3. Once a drill-in report has been selected, a new window opens with the defining query at the top and the table output at the bottom. The new output includes the annotation columns at the end of the table.

   

Confirming variants in the Genome Browser

Variants of interest can be confirmed in the aligned reads using the Genome Browser tool in Sequence Miner. The Genome Browser enables the visualization of raw data such as BAMs and VCFs.
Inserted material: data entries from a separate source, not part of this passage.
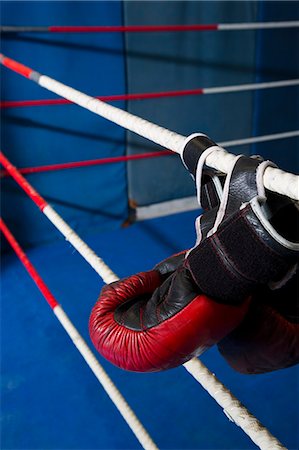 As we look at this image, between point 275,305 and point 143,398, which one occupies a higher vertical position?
point 275,305

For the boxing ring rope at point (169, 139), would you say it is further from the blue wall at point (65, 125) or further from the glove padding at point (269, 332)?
the blue wall at point (65, 125)

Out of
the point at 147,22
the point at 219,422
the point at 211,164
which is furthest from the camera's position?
the point at 147,22

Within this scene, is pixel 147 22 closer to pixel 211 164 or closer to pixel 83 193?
pixel 83 193

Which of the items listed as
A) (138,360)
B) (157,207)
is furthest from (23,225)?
(138,360)

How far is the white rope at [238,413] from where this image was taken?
56cm

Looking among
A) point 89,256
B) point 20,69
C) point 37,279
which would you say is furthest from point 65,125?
point 89,256

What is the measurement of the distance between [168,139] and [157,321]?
0.71ft

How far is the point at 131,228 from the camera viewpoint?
2467 mm

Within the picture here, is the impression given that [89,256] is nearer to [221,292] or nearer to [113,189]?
[221,292]

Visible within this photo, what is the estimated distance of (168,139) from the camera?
57 cm

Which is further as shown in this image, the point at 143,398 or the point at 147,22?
the point at 147,22

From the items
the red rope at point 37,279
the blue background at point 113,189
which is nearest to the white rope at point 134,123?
the red rope at point 37,279

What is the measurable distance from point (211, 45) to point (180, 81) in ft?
0.80

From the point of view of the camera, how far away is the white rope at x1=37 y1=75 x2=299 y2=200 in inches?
15.3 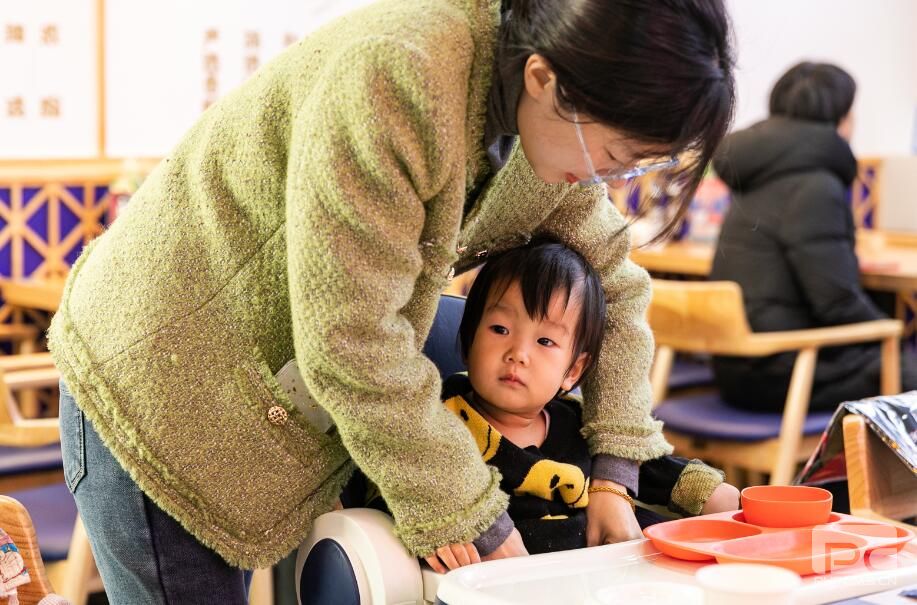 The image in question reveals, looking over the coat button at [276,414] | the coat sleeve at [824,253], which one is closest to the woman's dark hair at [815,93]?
the coat sleeve at [824,253]

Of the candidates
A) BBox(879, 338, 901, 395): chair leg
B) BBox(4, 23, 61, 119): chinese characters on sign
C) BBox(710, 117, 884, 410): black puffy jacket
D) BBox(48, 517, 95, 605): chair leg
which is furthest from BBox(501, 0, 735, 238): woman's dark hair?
BBox(4, 23, 61, 119): chinese characters on sign

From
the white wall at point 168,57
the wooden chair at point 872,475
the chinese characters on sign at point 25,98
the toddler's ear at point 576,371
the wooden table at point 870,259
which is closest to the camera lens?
the toddler's ear at point 576,371

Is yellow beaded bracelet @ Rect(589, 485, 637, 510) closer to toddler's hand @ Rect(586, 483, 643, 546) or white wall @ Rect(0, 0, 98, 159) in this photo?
toddler's hand @ Rect(586, 483, 643, 546)

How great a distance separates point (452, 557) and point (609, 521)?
0.28 metres

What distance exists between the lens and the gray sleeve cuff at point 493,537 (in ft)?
3.99

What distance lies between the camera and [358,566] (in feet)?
4.00

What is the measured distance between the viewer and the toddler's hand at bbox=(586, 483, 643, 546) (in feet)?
4.58

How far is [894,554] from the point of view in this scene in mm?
1229

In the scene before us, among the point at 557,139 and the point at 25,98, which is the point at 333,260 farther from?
the point at 25,98

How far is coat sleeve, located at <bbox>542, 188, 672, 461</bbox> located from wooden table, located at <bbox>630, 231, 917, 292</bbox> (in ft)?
5.33

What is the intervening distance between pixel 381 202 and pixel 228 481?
0.34m

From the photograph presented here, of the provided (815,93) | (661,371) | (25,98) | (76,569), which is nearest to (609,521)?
(76,569)

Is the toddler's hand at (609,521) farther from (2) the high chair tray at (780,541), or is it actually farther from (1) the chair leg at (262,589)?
(1) the chair leg at (262,589)

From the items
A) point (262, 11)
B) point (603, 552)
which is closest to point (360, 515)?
point (603, 552) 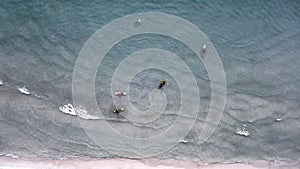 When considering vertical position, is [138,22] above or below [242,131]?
above

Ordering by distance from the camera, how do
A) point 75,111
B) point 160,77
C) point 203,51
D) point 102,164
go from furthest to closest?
point 203,51
point 160,77
point 75,111
point 102,164

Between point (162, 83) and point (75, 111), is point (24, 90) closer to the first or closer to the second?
point (75, 111)

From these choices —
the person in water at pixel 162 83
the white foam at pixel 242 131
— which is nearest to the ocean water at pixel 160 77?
the white foam at pixel 242 131

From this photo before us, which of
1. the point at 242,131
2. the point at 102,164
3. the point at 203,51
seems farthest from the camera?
the point at 203,51

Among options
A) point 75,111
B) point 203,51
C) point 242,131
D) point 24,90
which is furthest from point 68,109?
point 242,131

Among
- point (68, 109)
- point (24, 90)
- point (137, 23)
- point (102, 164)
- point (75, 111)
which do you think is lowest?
point (102, 164)

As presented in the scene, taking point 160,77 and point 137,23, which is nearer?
point 160,77

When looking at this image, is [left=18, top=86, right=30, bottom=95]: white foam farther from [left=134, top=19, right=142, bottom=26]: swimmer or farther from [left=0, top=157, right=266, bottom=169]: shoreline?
[left=134, top=19, right=142, bottom=26]: swimmer

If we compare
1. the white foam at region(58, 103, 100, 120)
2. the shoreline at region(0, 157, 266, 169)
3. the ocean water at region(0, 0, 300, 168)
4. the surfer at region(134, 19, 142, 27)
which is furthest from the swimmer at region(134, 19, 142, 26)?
the shoreline at region(0, 157, 266, 169) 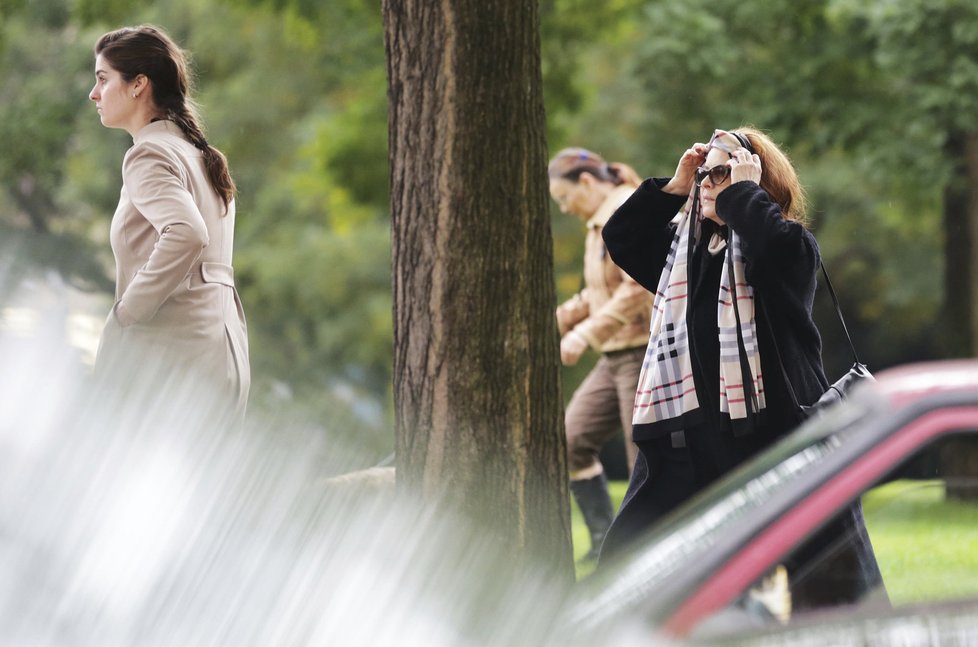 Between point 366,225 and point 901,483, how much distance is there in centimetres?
1900

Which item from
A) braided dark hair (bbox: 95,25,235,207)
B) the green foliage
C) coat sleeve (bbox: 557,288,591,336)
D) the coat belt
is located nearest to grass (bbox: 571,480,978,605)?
the green foliage

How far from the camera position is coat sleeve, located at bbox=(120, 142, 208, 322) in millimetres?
4559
1. The list of PNs can be selected from the table generated from the AllWithVar drill-in report by highlighting the list of subjects and clicking the Show tracks in Genome Browser icon in the toolbar. You will be prompted to select a browser template file such as BAM (bam_tracks.gbt), VCF (var_tracks.gbt), coverage (cov_track.gbt), or a combination of all the above (study_tracks.gbt). In this example, select bam_track.gbt.

   

2. After the Genome Browser track has loaded, return to the results of the Multi-family Mendelian analysis output and highlight the row with the variant of interest. Click the Synchronize icon in the toolbar to center the browser window around the selected genomic coordinate.

   

3. In the Genome Browser, two sections are displayed. The top section includes the BAM, VCF, and coverage information, and the bottom section includes several annotation tracks. The variant position is highlighted by a vertical green line that extends across the two sections. The left- and right-aligned reads are displayed in blue and orange respectively. The variant is highlighted in yellow in the BAM files.

   

4. The annotation tracks display information on the variant position and the surrounding areas, providing additional information about other variants of the gene. These annotations include annotations from clinical databases, VEP consequences, dbSNP, etc.